===== Information

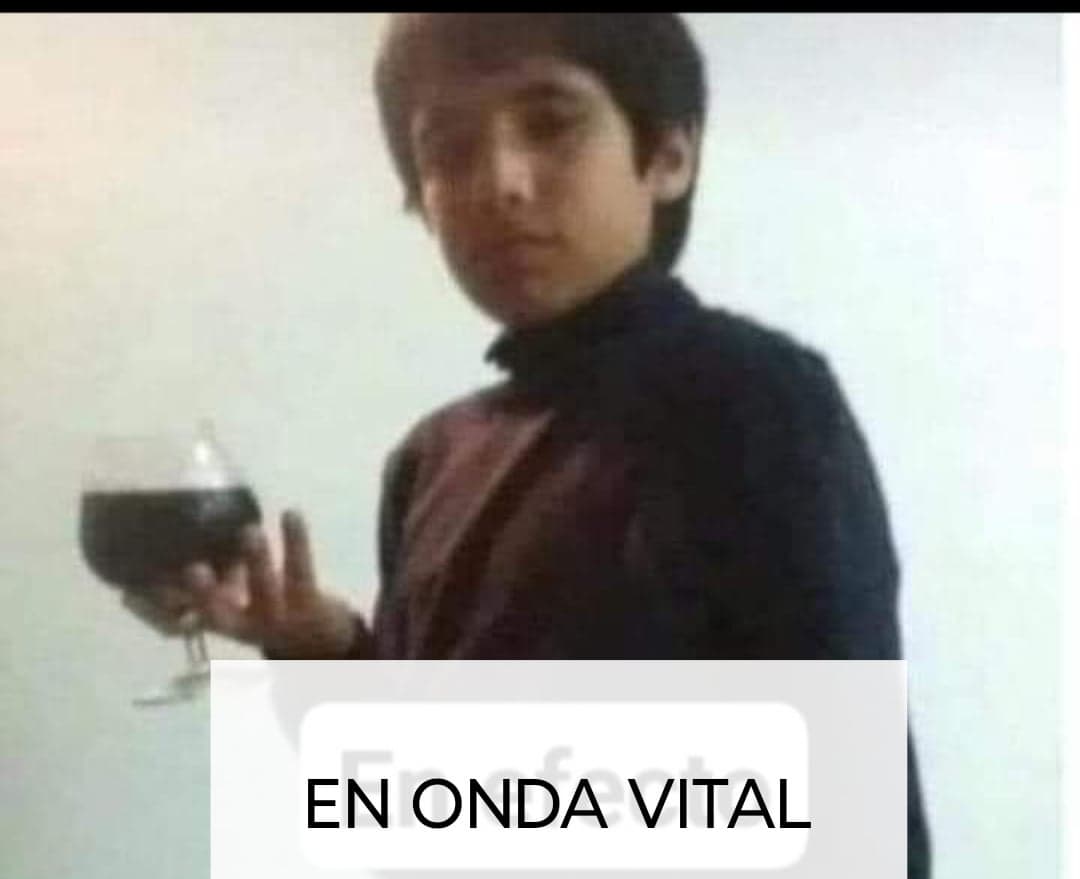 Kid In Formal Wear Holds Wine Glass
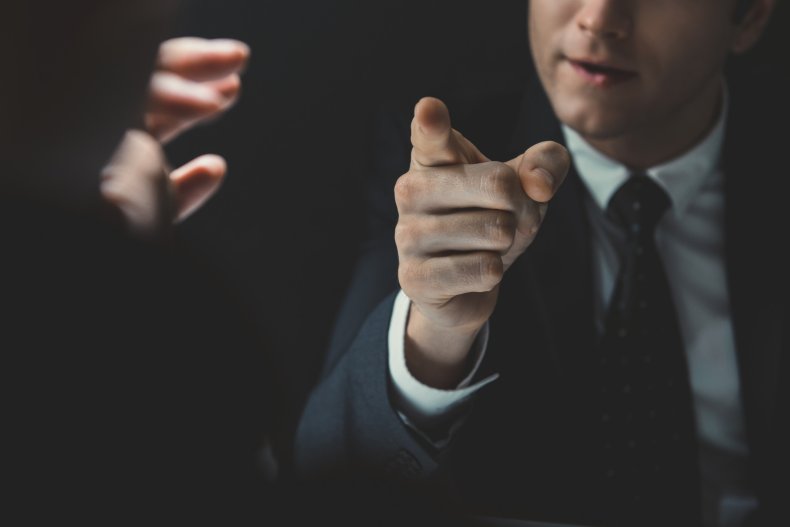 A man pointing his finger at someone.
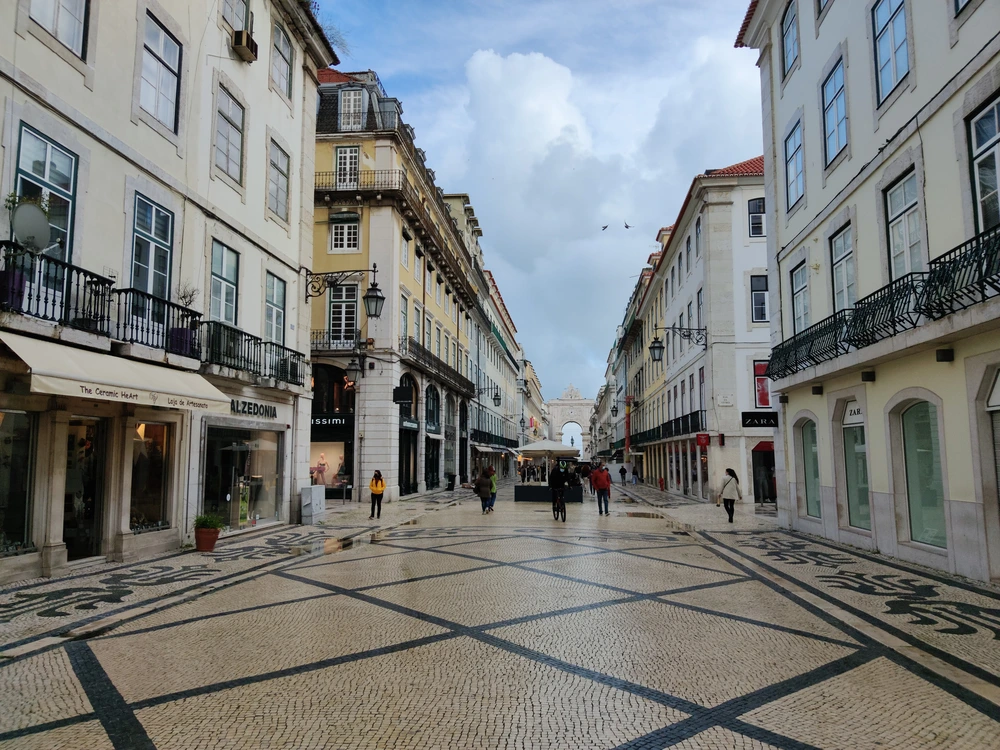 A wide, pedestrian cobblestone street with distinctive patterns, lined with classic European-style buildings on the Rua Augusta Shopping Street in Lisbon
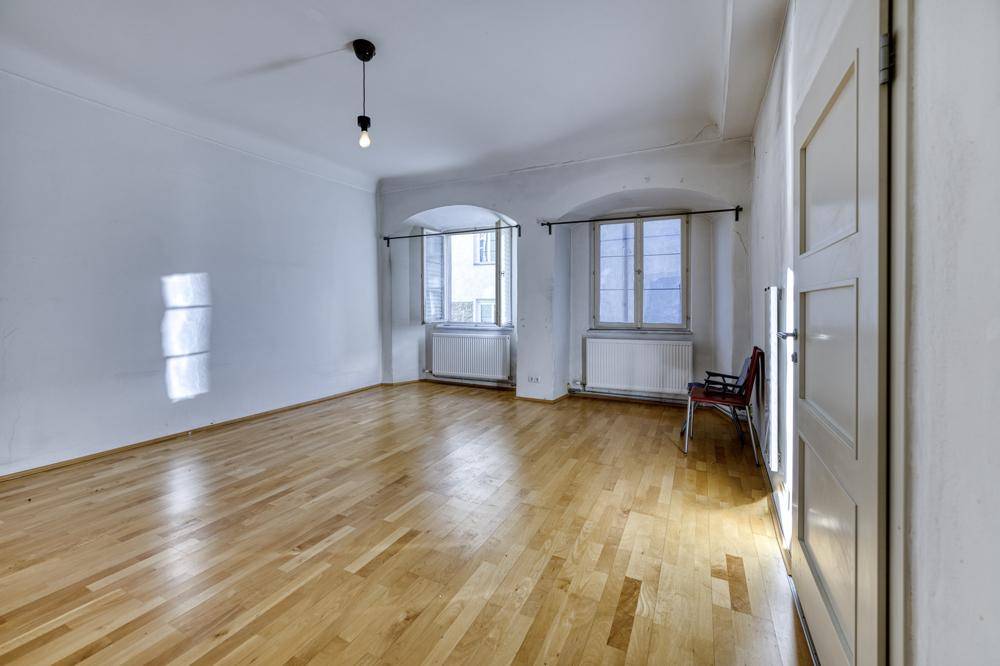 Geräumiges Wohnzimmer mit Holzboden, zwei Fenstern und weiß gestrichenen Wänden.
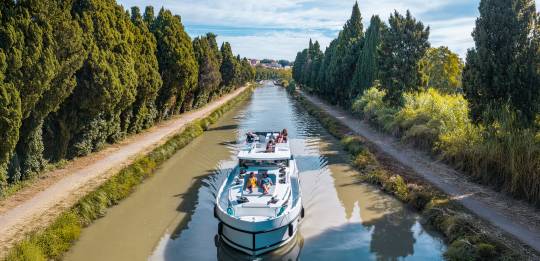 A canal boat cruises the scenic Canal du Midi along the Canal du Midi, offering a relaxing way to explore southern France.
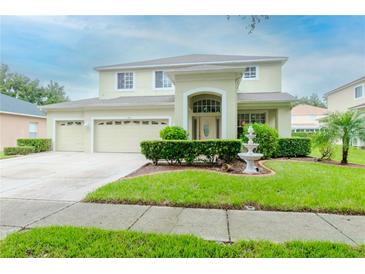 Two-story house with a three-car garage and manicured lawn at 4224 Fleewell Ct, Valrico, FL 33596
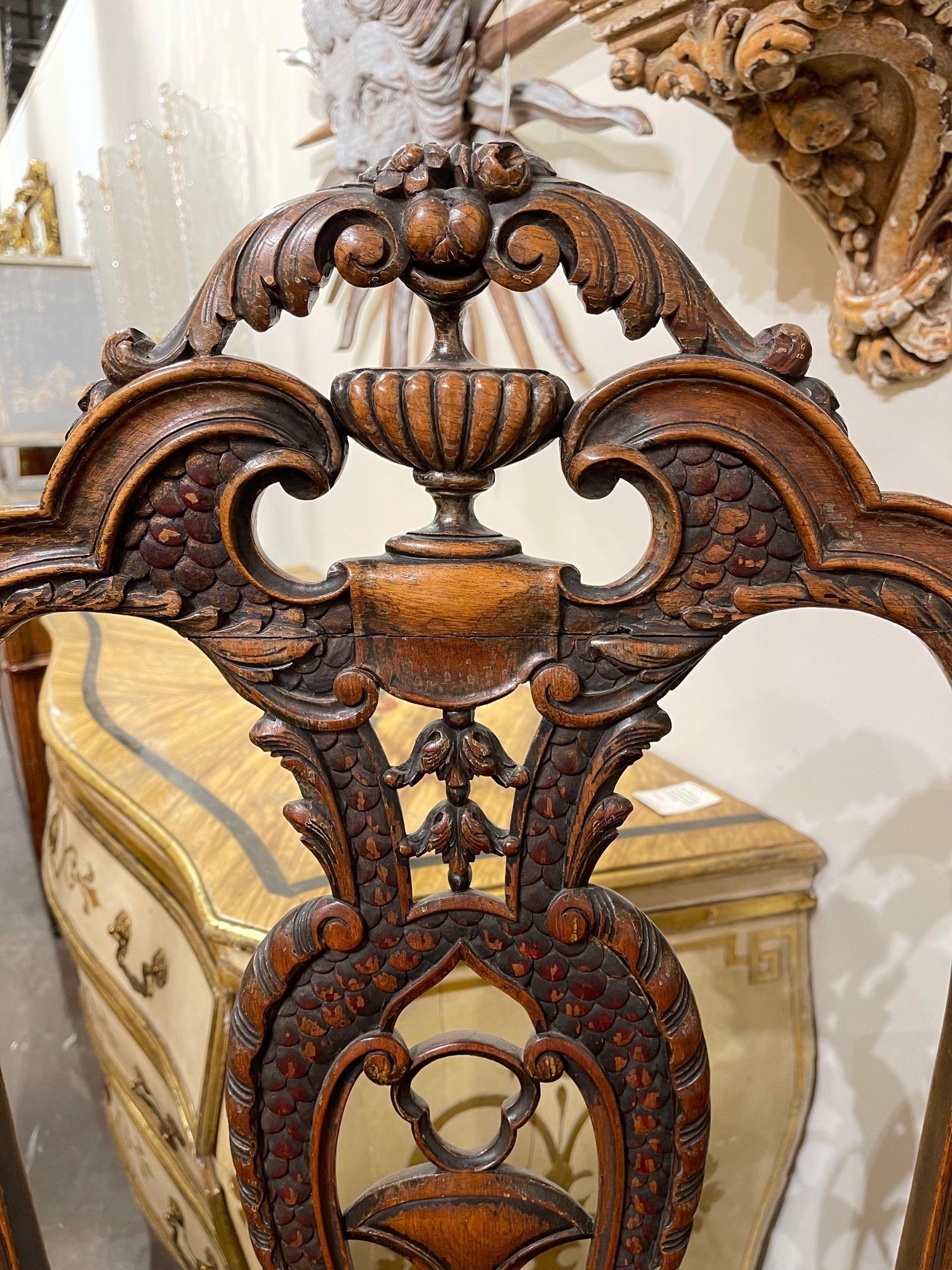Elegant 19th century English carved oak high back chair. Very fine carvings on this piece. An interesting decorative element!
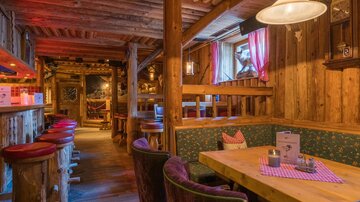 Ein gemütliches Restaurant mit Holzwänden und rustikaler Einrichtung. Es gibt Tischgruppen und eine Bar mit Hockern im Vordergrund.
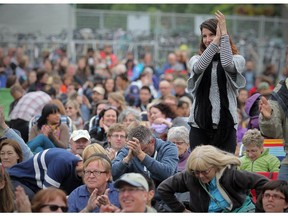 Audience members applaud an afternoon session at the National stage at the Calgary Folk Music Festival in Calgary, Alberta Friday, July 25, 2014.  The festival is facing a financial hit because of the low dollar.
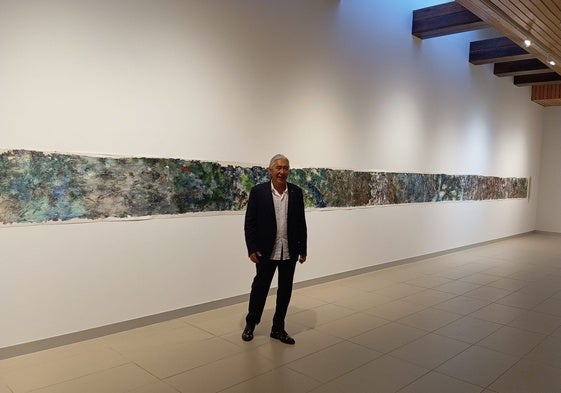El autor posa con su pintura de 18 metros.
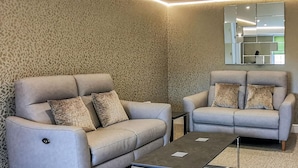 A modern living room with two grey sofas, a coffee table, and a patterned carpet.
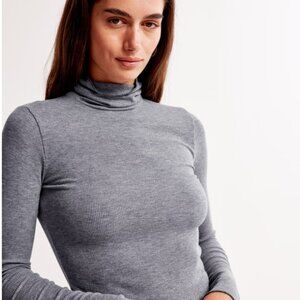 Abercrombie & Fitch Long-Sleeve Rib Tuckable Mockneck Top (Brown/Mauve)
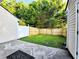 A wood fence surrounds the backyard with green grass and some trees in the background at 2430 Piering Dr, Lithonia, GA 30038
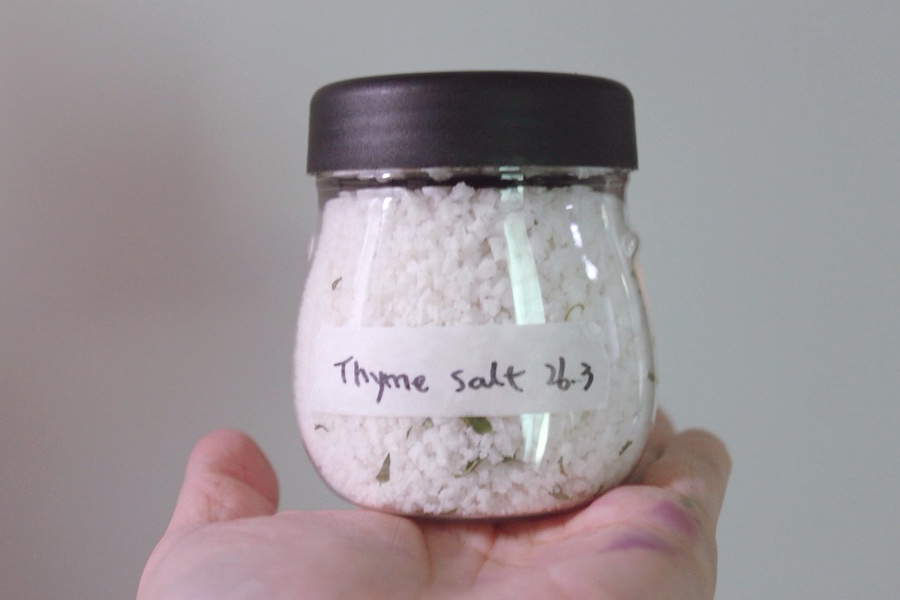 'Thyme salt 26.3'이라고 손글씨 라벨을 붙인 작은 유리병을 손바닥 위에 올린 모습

==========

*Your assignment*
Produce the full material again verbatim, with the pictures dropped.

*Output below*
 Kid In Formal Wear Holds Wine Glass
 A man pointing his finger at someone.
 A wide, pedestrian cobblestone street with distinctive patterns, lined with classic European-style buildings on the Rua Augusta Shopping Street in Lisbon
 Geräumiges Wohnzimmer mit Holzboden, zwei Fenstern und weiß gestrichenen Wänden.
 A canal boat cruises the scenic Canal du Midi along the Canal du Midi, offering a relaxing way to explore southern France.
 Two-story house with a three-car garage and manicured lawn at 4224 Fleewell Ct, Valrico, FL 33596
Elegant 19th century English carved oak high back chair. Very fine carvings on this piece. An interesting decorative element!
 Ein gemütliches Restaurant mit Holzwänden und rustikaler Einrichtung. Es gibt Tischgruppen und eine Bar mit Hockern im Vordergrund.
 Audience members applaud an afternoon session at the National stage at the Calgary Folk Music Festival in Calgary, Alberta Friday, July 25, 2014.  The festival is facing a financial hit because of the low dollar.
El autor posa con su pintura de 18 metros.
 A modern living room with two grey sofas, a coffee table, and a patterned carpet.
 Abercrombie & Fitch Long-Sleeve Rib Tuckable Mockneck Top (Brown/Mauve)
 A wood fence surrounds the backyard with green grass and some trees in the background at 2430 Piering Dr, Lithonia, GA 30038
 'Thyme salt 26.3'이라고 손글씨 라벨을 붙인 작은 유리병을 손바닥 위에 올린 모습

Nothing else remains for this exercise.